It appears that a stipulation was entered into by the parties to the litigation with the exception of Miss Elfstrom. After the making of the stipulation she applied to the court, was interpleaded, made a party to the actions, and moved the court for a judgment in accordance with the findings of fact and conclusions of law theretofore made by the court. The court did not in terms set aside the stipulation, but in legal effect it did so because the judgment entered was not in *250accordance with the stipulation to which Miss Elfstrom was not a party. A stipulation is nothing but an agreement between the parties to a proceeding in a court. We cannot restore the agreement by judgment of this court and so in effect make a contract which will conclude not only the parties to the stipulation but Miss Elfstrom, who is a party to the action and who did not consent to it. If the parties are desirous of carrying out their original stipulation, that is a matter for them to determine and not for the court to decide.

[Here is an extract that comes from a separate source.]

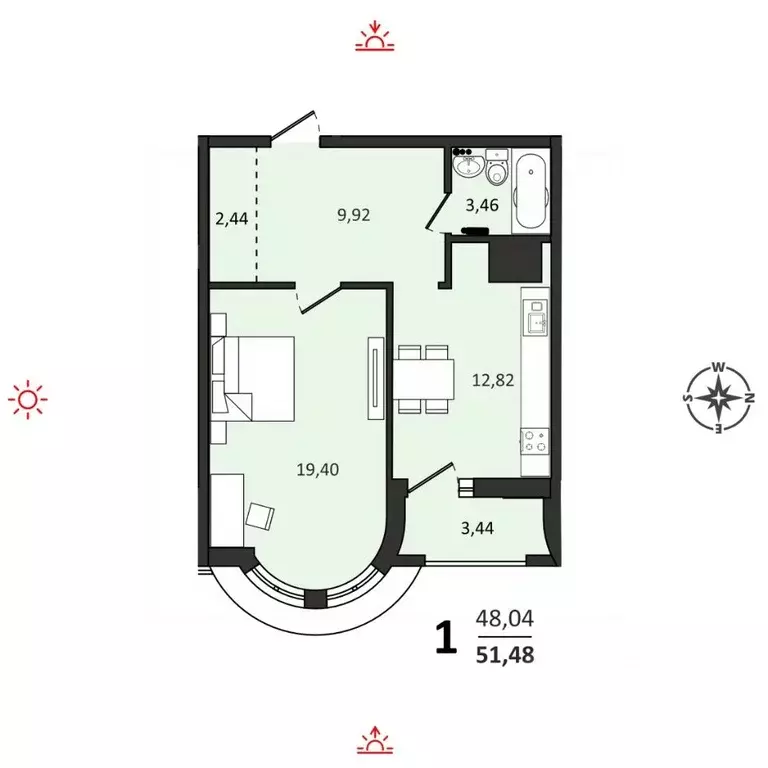 1-к кв. Хабаровский край, Хабаровск ул. Быстринская, 2 (51.48 м) - Фото 0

There has been no attack upon the finding of the court with respect to the property not included in the Massey mortgage and upon which the Burlington Bank claims its judgment is a lien. Therefore the judgment of the trial court in that respect should be and is affirmed. In all other respects the judgments in the several actions appealed from should be reversed.

By the Court. — The mandate in the several cases will be as follows: In the foreclosure action (No. 134) the judgment is reversed and the cause remanded with directions to enter judgment of foreclosure and dismissing the counterclaim of the defendants, plaintiff to have his costs.

In the creditors’ action (No. 135) the judgment appealed from is reversed and cause remanded with directions to dismiss the complaint as to the defendant Eugene Massey. Judgment should be entered in the court below establishing the lien of the Bank of Burlington upon property not included in the Massey mortgage.

In the administrator’s action (No. 136) the judgment appealed from is reversed and the cause remanded with directions to dismiss the plaintiff’s complaint.

In this court Massey is to tax one bill of costs in the foreclosure action. No costs are to be taxed in the other actions except the clerk’s fees and $25 attorney fees.